Model-Based Reinforcement Learning for Countably Infinite State Space MDP

Wednesday, September 9, 2020 - 4:00pm to 4:30pm

Event Calendar Category

LIDS & Stats Tea

Speaker Name

Bai Liu

Affiliation

LIDS

Zoom meeting id

993 8044 5463

Join Zoom meeting

https://mit.zoom.us/j/99380445463

With the rapid advance of information technology, network systems have become increasingly complex and hence the underlying system dynamics are typically unknown or difficult to characterize. Finding a good network control policy is of significant importance to achieving desirable network performance (e.g., high throughput or low average job delay). Online/sequential learning algorithms are well-suited to learning the optimal control policy from observed data for systems without the information of underlying dynamics.
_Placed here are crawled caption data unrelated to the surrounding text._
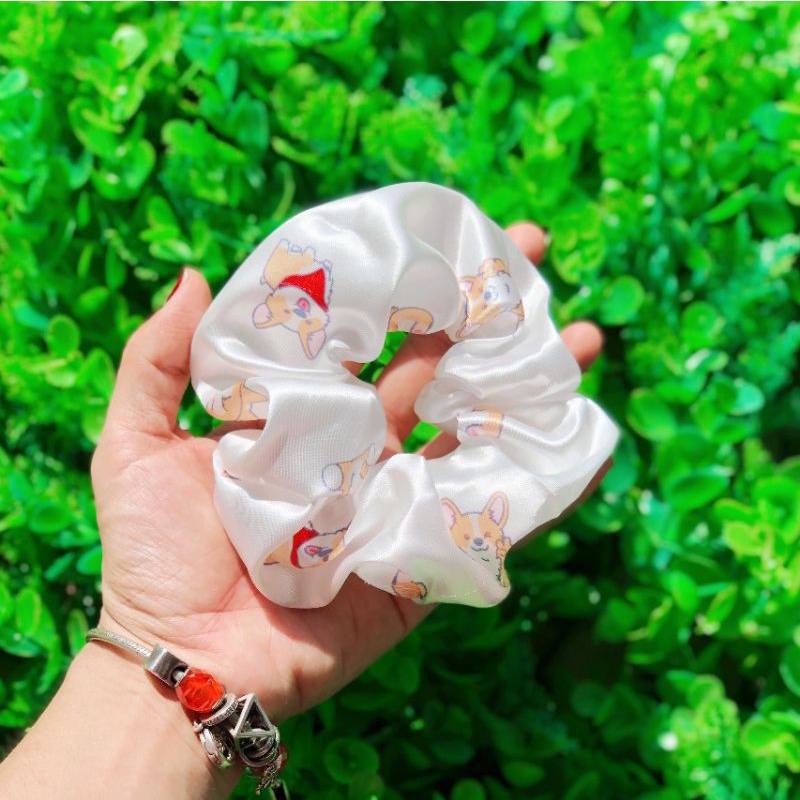 Cột buộc tóc scrunchies phi bóng họa tiết thời trang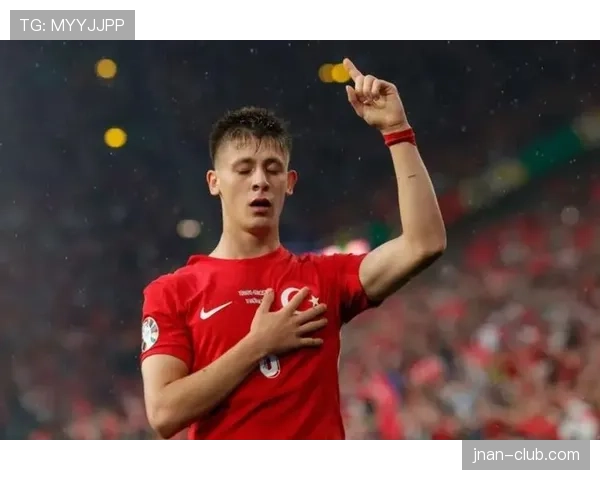 居莱尔与梅西技术风格的核心差异：天赋相似，上限差距在哪？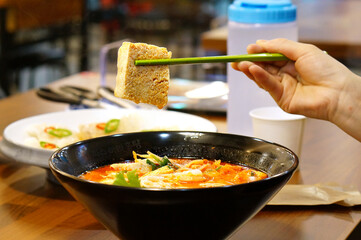 마라탕을 맛있게 먹고 있는 모습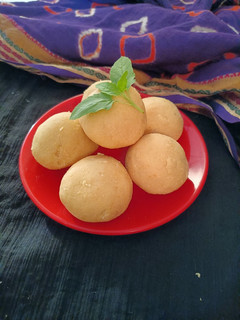 દાળિયા ની દાળ ના લાડુ (Daliya Dal Ladoo Recipe In Gujarati) રેસીપી મુખ્ય ફોટો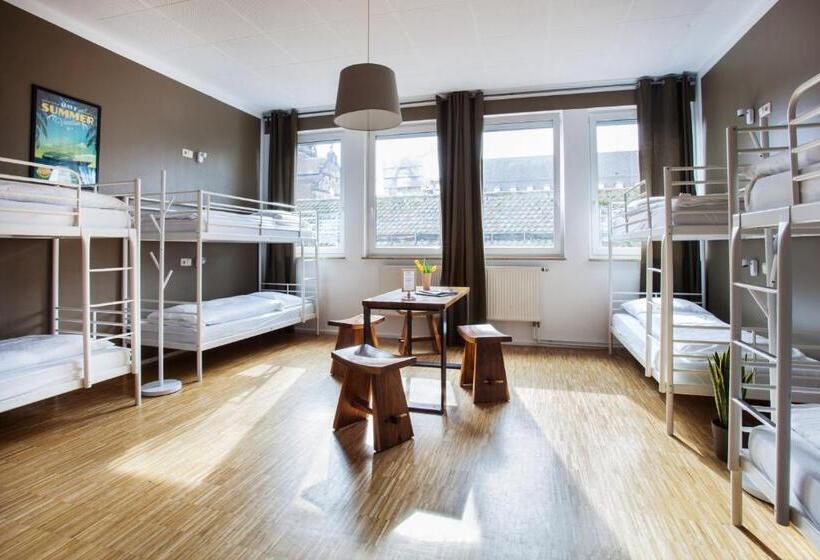 共用房间的床, Five Reasons Hostel &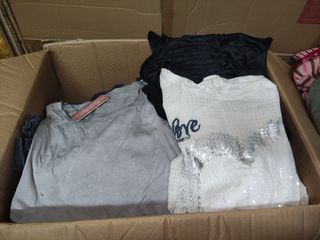 Lote 81 prendas variada de ropa nueva, sin usar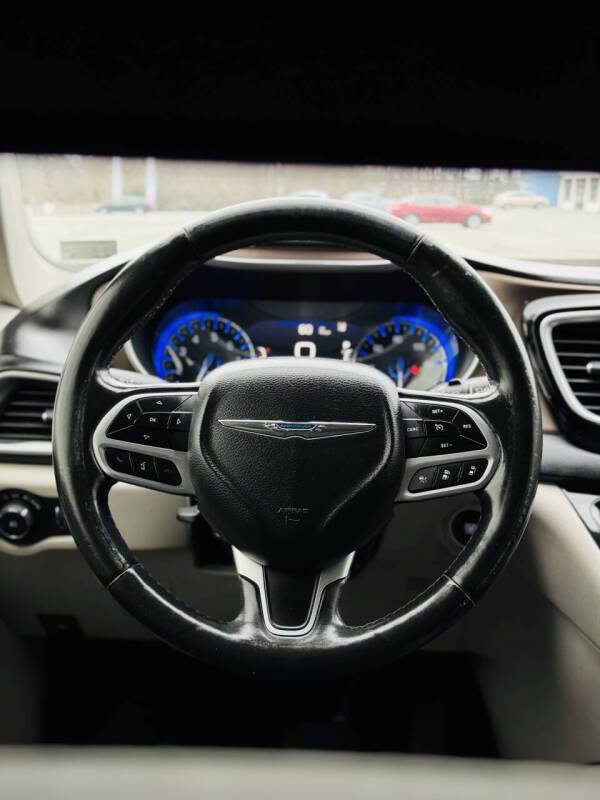 2019 Chrysler Pacifica Touring Plus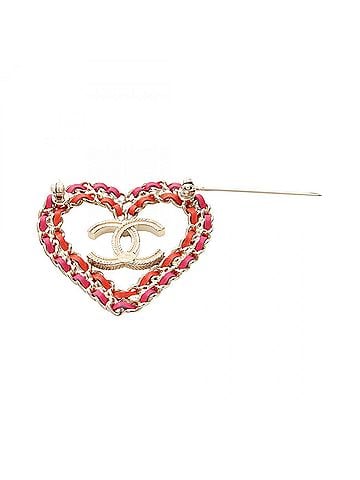 Chanel Chanel Coco Mark Heart Brooch Accessory, Gold Plated Leather, Women's, Gold, Pink, Red (view 2)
In this work, we consider using model-based reinforcement learning (RL) to learn the optimal control policy of queueing networks so that the average job delay (or equivalently the average queue backlog) is minimized. Existing RL techniques, however, cannot handle the unbounded state spaces of the network control problem. To overcome this difficulty, we propose a new algorithm, called Reinforcement Learning for Queueing Networks (RL-QN), which applies model-based RL methods over a finite subset of the state space. We establish that the average queue backlog under RL-QN with an appropriately constructed subset can be arbitrarily close to the optimal result. We evaluate RL-QN in dynamic server allocation and routing problems. Simulations show that RL-QN minimizes the average queue backlog effectively.

Bai is a Ph.D. student in LIDS advised by Prof. Eytan Modiano. His research interests lie in learning and control problems in networked systems (data networks, logistic networks, etc.), with the application of reinforcement learning, stochastic optimization, and inference methods.